With a total of 6.7 million people, Khabarovsk is one of the most sparsely populated territories in the world. The city consistently ranks as having one of the best business environments in Russia in various polls, and this is illustrated by the cafes and shopping malls that dot its city centre. Here you can see skyscrapers under construction at several locations, as well as women carefully watering flowers that hang at the tops of lamp-posts from a special elevated machine.

Perm


Perm. Source: Lori Images/Legion Media

Perm is located on the River Kama– the fifth largest river in Europe after the Volga, the Danube, the Ural and the Dnieper. 

There are many places to go in the city, including the Art-Perm Gallery, with its abundance of exhibitions, and the “Perm-36” Museum of the History of Political Repression.
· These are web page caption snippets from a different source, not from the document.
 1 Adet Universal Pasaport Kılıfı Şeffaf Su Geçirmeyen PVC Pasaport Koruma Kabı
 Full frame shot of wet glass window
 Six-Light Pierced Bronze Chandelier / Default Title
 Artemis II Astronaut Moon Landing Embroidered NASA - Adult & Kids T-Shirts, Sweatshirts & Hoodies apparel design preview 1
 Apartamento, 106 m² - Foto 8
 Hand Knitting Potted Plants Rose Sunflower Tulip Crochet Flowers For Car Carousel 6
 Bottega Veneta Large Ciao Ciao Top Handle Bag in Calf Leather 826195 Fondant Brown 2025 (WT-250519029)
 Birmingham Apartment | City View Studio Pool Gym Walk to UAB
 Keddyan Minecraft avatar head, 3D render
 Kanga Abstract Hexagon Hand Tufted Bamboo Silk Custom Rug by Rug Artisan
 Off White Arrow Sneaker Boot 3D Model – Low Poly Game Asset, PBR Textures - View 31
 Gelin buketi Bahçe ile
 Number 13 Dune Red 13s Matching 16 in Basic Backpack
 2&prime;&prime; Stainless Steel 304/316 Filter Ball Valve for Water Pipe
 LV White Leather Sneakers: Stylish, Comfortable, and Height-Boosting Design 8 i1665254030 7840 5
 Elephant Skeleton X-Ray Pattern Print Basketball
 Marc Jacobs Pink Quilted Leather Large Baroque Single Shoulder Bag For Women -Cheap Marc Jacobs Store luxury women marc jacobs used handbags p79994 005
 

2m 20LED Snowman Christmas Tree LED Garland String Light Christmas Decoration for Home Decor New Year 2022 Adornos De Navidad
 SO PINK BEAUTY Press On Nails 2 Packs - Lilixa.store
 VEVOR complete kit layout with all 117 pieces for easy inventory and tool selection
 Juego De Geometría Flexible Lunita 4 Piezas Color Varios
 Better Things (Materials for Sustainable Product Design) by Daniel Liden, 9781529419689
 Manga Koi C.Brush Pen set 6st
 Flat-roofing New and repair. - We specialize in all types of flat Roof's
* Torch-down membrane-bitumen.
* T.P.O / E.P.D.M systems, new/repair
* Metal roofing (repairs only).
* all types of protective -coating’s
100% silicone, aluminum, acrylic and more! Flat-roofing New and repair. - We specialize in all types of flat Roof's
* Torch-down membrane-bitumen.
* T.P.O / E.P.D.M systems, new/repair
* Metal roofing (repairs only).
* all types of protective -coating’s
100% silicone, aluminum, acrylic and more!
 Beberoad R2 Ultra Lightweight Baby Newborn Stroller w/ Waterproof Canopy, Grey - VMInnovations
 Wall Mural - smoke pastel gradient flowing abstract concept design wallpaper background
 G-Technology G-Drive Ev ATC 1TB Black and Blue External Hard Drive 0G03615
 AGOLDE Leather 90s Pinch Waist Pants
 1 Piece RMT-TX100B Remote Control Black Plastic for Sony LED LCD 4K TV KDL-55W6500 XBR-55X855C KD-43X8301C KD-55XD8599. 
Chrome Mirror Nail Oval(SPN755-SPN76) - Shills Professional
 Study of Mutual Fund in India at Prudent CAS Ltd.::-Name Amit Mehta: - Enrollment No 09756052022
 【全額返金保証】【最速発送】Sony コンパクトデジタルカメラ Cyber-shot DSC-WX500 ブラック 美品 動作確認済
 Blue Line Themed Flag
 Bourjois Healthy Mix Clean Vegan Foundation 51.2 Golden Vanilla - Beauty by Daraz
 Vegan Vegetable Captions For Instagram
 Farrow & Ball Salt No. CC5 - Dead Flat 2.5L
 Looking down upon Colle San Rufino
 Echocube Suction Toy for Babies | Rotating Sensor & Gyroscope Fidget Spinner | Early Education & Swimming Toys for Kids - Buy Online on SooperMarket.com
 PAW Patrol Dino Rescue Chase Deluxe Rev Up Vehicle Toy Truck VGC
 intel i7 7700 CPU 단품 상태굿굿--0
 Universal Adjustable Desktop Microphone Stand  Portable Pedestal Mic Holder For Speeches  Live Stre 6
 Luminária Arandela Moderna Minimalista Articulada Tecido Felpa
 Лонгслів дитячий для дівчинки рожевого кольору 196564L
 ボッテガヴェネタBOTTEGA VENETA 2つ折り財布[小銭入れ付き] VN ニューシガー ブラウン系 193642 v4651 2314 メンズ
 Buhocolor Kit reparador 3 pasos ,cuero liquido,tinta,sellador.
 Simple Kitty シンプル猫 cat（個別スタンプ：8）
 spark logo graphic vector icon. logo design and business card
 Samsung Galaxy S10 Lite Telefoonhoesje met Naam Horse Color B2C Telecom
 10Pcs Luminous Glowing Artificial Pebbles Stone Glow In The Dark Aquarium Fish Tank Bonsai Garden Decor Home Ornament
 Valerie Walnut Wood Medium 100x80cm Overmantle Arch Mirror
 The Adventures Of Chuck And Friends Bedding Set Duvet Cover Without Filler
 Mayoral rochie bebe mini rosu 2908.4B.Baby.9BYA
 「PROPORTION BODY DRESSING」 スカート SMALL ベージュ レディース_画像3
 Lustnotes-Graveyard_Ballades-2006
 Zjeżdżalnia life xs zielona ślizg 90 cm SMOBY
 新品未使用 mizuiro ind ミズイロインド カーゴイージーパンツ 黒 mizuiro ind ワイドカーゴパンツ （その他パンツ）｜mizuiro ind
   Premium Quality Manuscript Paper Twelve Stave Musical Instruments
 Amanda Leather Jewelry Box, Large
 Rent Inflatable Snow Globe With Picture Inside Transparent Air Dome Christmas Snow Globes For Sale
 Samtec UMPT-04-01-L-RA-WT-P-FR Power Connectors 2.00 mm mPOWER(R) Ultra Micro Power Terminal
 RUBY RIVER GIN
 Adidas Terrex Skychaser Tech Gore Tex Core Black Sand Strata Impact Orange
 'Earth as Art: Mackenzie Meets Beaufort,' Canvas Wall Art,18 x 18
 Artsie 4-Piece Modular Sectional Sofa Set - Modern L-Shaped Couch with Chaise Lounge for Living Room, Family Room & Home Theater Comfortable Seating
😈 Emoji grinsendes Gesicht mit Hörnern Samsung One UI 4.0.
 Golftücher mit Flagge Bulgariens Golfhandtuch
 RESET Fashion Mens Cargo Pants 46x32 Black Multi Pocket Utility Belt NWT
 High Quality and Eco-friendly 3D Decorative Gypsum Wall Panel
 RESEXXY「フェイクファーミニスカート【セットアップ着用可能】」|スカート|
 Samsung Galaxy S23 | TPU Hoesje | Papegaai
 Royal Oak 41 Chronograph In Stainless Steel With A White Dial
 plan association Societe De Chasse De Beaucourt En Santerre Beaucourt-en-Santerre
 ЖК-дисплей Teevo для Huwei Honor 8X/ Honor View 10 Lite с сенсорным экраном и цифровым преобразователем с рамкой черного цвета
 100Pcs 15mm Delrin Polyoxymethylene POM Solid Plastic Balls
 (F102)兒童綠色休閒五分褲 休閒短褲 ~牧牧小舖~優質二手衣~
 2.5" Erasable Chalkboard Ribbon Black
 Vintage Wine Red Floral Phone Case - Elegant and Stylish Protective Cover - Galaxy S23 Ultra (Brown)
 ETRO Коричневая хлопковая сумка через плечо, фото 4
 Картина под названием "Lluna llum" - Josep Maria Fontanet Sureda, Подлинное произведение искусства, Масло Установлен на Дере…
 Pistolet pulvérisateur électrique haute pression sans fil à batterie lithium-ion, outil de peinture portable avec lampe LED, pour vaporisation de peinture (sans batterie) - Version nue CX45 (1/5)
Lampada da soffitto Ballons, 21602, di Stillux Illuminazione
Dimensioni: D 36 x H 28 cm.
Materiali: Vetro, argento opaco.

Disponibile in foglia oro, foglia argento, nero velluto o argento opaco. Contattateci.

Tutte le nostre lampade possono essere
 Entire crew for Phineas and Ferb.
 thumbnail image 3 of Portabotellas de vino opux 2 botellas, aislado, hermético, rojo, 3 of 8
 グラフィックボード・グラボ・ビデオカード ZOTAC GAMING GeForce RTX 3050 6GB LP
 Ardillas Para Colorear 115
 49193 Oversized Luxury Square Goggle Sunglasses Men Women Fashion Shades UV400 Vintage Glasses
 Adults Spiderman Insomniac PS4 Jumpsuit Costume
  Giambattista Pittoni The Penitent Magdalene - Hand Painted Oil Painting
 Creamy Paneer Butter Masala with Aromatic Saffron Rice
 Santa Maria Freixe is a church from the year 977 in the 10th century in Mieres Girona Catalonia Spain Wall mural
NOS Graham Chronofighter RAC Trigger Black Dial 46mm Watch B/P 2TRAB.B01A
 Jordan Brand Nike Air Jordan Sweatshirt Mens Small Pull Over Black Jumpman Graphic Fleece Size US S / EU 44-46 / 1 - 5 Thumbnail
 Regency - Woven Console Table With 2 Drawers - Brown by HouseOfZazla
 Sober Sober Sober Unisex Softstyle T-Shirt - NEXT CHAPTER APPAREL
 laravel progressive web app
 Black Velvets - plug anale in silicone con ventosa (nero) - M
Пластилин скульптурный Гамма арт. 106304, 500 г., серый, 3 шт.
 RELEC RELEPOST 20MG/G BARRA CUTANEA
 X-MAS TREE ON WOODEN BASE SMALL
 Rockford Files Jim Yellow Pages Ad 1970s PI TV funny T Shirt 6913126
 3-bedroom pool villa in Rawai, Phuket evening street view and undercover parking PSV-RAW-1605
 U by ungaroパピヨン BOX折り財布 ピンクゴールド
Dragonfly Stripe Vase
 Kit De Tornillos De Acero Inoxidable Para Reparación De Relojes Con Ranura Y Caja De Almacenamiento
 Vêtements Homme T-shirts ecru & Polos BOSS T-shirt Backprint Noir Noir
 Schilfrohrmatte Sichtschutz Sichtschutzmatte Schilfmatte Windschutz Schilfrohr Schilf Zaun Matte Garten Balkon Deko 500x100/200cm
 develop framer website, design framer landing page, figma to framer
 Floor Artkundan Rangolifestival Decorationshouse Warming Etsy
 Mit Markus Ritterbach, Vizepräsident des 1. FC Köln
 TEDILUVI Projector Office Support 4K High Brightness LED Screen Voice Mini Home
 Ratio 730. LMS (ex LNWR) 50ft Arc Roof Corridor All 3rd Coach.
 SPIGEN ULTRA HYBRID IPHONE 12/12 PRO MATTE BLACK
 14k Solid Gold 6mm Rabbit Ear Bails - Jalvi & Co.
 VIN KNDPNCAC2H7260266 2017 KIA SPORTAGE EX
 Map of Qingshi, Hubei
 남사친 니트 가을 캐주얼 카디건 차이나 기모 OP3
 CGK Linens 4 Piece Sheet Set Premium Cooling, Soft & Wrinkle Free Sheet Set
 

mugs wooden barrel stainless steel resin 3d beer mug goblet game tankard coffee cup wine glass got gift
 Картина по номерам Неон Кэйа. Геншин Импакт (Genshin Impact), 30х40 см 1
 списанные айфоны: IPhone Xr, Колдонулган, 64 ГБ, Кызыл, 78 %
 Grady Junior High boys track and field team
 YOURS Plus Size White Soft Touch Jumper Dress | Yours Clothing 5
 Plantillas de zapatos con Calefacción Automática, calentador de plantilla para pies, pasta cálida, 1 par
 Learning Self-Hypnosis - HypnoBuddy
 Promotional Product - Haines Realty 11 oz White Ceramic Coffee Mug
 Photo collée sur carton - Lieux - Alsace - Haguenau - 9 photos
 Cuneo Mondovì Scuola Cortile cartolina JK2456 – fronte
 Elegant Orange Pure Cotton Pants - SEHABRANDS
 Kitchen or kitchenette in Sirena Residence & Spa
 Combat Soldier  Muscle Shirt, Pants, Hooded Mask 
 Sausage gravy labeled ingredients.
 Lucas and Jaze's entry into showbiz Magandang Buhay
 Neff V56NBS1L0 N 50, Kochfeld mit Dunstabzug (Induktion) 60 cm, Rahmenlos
The latter was formerly a camp and training school for those convicted of especially dangerous crimes against the state.

There are also different types of theatre in Perm – The Perm Theatre of Opera and Ballet, The Perm Drama Theatre and the Youth Theatre. The famous theatre figure Sergei Diaghilev spent his childhood and adolescence in Perm. Diaghilev's “Russian Seasons” (“Les Ballets Russes”) – introduced in Paris at the beginning of the 20th century – fixed the names of Russian ballet dancers in the history of world culture.

Nizhny Novgorod


Nizhny Novgorod. Source: Lori Images/Legion Media

In previous centuries, Nizhny Novgorod was an important economic, transportation and cultural centre of Russia, located at the strategic confluence of the rivers Oka and Volga. Much of the city downtown was built in the Russian Revival and Stalin Empire architectural styles.

The art museum in Nizhny Novgorod was opened to the public in 1896. It has an extraordinary gallery which has hosted more than 12,000 exhibits, as well as an enormous collection of works by Russian artists such as Viktor Vasnetsov, Karl Briullov and Ivan Shishkin. However, what makes this gallery extremely important is the amazing collection of Russian avant-garde art, with works by Kazimir Malevich and Wassily Kandinsky.

The Nizhny Novgorod Kremlin is the central part of the ancient town and occupies a relatively small area on a hill. Originally, the Kremlin wall was about 1.5 miles long – around 600 feet shorter than that of the Moscow Kremlin. Eleven of the original 13 towers survive today.